Brief:
Give the lines again exactly as they appear below, from the line with "Come visit us" to the line with "Kit for today: skins, Lunar", both included, and only those lines. Leave every picture out.

Exercise data:

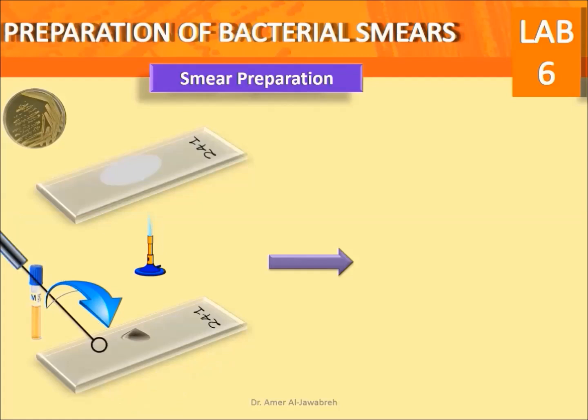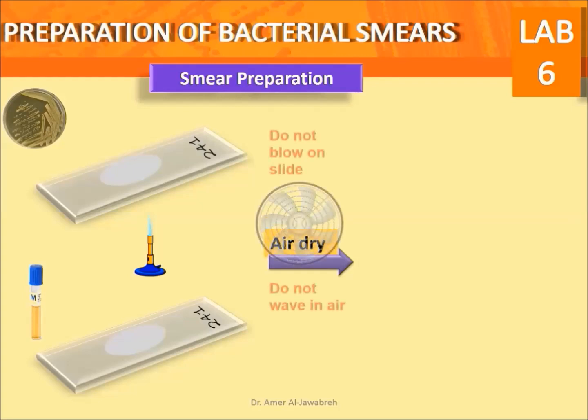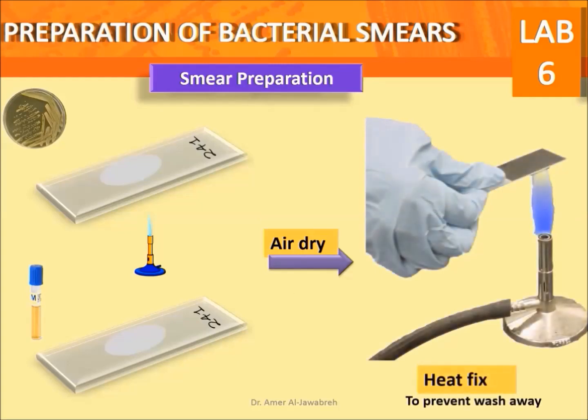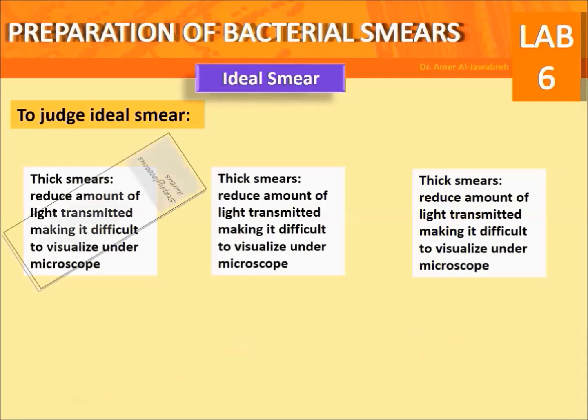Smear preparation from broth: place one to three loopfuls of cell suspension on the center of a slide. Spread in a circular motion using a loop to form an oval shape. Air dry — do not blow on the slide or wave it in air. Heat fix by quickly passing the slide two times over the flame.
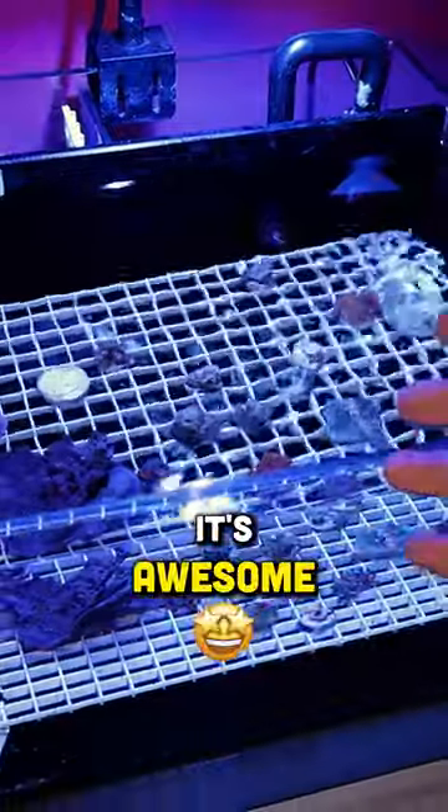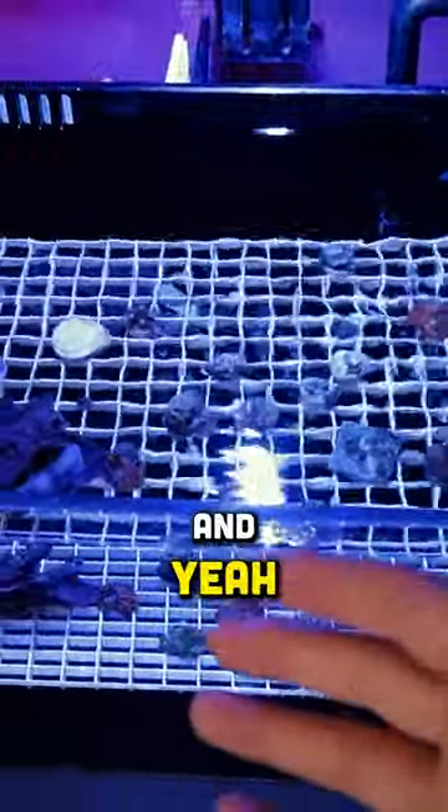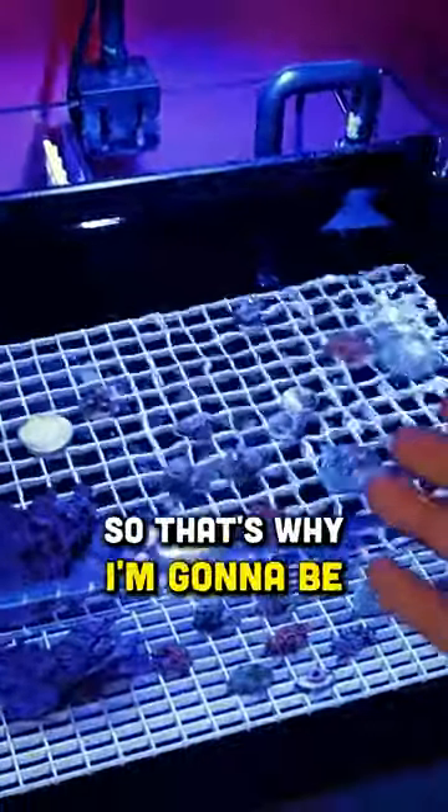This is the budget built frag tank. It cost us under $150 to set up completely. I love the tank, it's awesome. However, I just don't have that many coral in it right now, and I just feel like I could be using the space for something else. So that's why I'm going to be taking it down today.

---

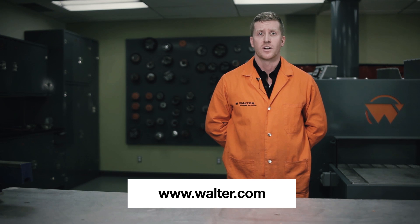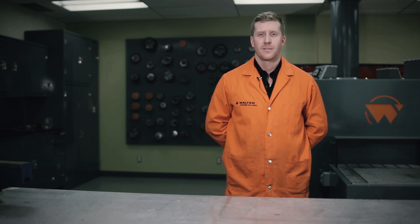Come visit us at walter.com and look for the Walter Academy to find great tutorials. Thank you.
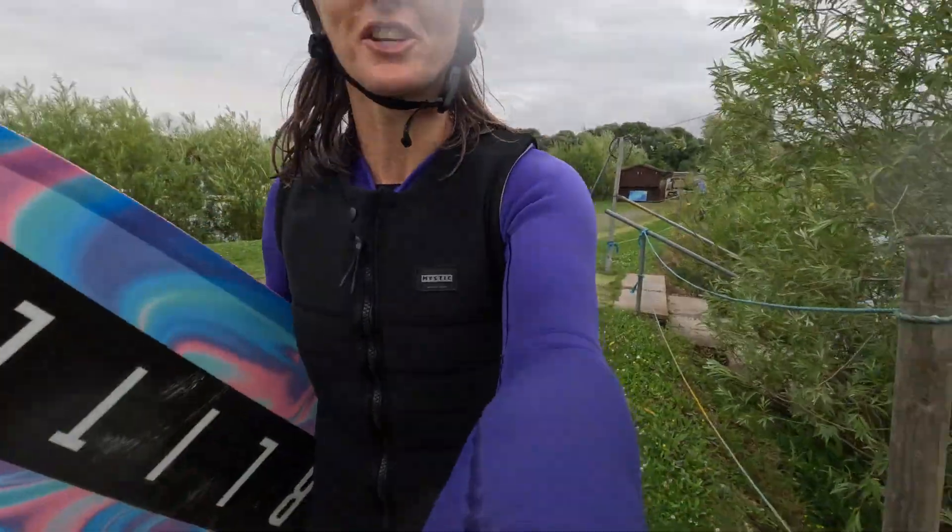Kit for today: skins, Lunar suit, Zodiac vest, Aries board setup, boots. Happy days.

Problem solution:
Come visit us at walter.com and look for the Walter Academy to find great tutorials. Thank you.
Kit for today: skins, Lunar suit, Zodiac vest, Aries board setup, boots. Happy days.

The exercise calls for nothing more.